I was going to ask the following question:

Are there any benefits of gaming laptops to the non gamer?

After seeing the list of "questions with similar titles", I saw that a question asking: "best laptop for programming" was closed as off topic.

Although a shopping recommendation question in reality, I am not looking for discussions/opinions but some specific thing that might be too extraneous for non gamers, or if it might be better, as experienced programmers might be able to tell.

I am wondering if this question can be phrased in a way that is acceptable. (I am trying to make a choice between Macbook Pro and Alienware M14x.
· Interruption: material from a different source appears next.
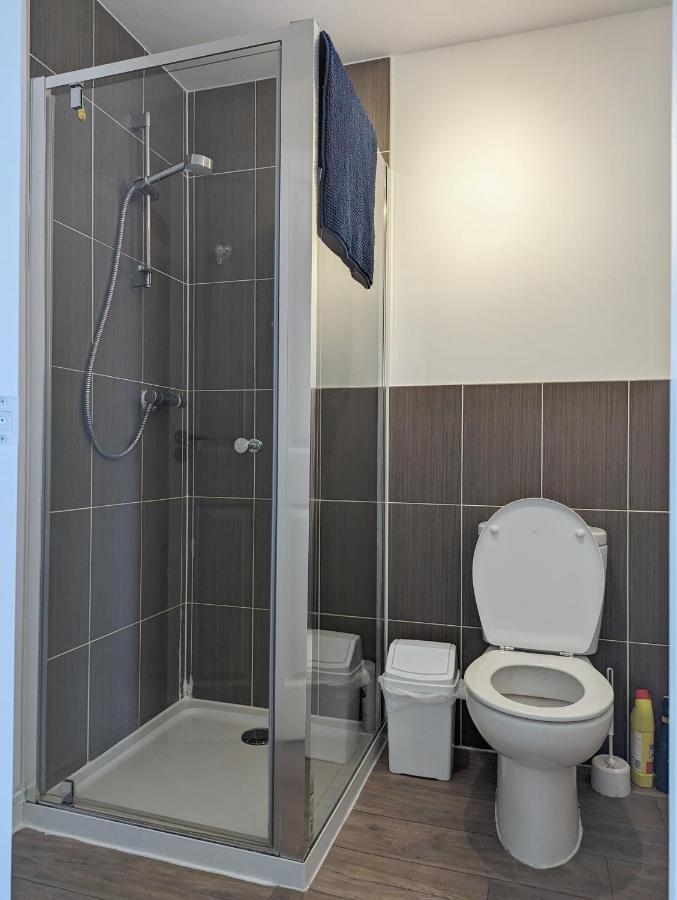 Guest Rooms Near City Centre & Anfield Free Parki Liverpool Exterior photo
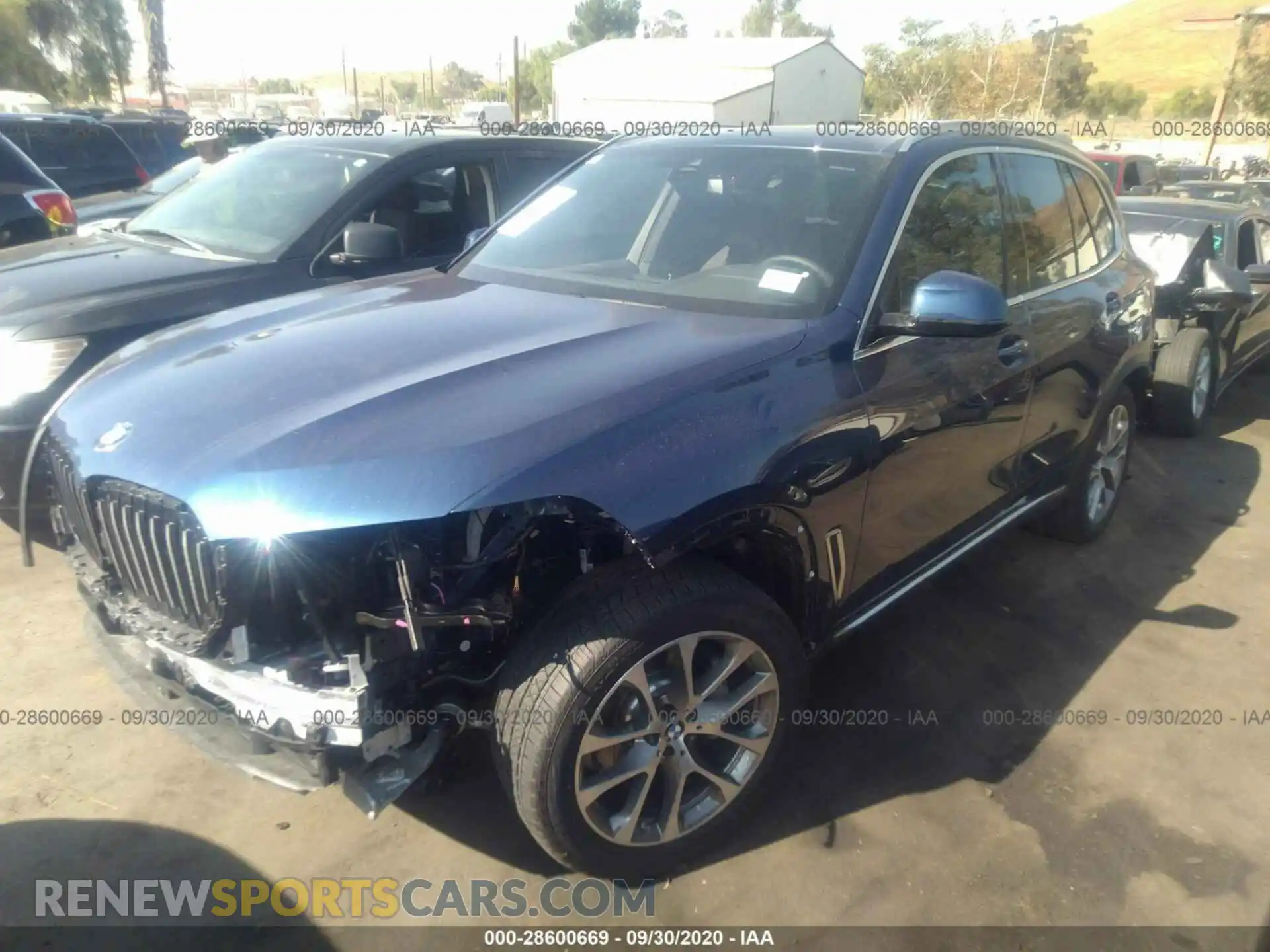 2 Photograph of a damaged car 5UXCR6C06L9C95060 BMW X5 2020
I need a unix based system for my work, so if I go for Alienware, I might have to install ubuntu.) I was reading the FAQ, and although I may make my question specific enough, the headline defeats me "... is for expert programmers who are interested in conceptual questions on software development." And this question will probably be offtopic

If there is no place for such questions on any SE site, then pointers to other places where reliable answers to these questions can be received will also be appreciated.

2 Answers 2


As you noted, shopping recommendations are off-topic here (and across the Stack Exchange network): they just don't impart any real knowledge, and usually only help the original poster. The blog post, Q&A is Hard, Let's Go Shopping! goes into this in pretty good detail:

But consider the voluminous amount of information you need to even begin properly answering a shopping question:

  • What is your budget?
  • Where do you live?
  • What are your preferences?
  • Which alternatives will you consider?
  • When do you want to buy?

Let’s say the question asker provided all that information. Fat chance, I know, but let’s pretend for a moment they did — and we were able to provide the perfect, ideal shopping recommendation to them. Even if that was the case, technology moves so rapidly that the best shopping recommendations will be utterly obsolete within a year! What’s the point of a bunch of labor intensive questions that provide only temporary benefit to a limited (some might say Too Localized) audience? There isn’t any.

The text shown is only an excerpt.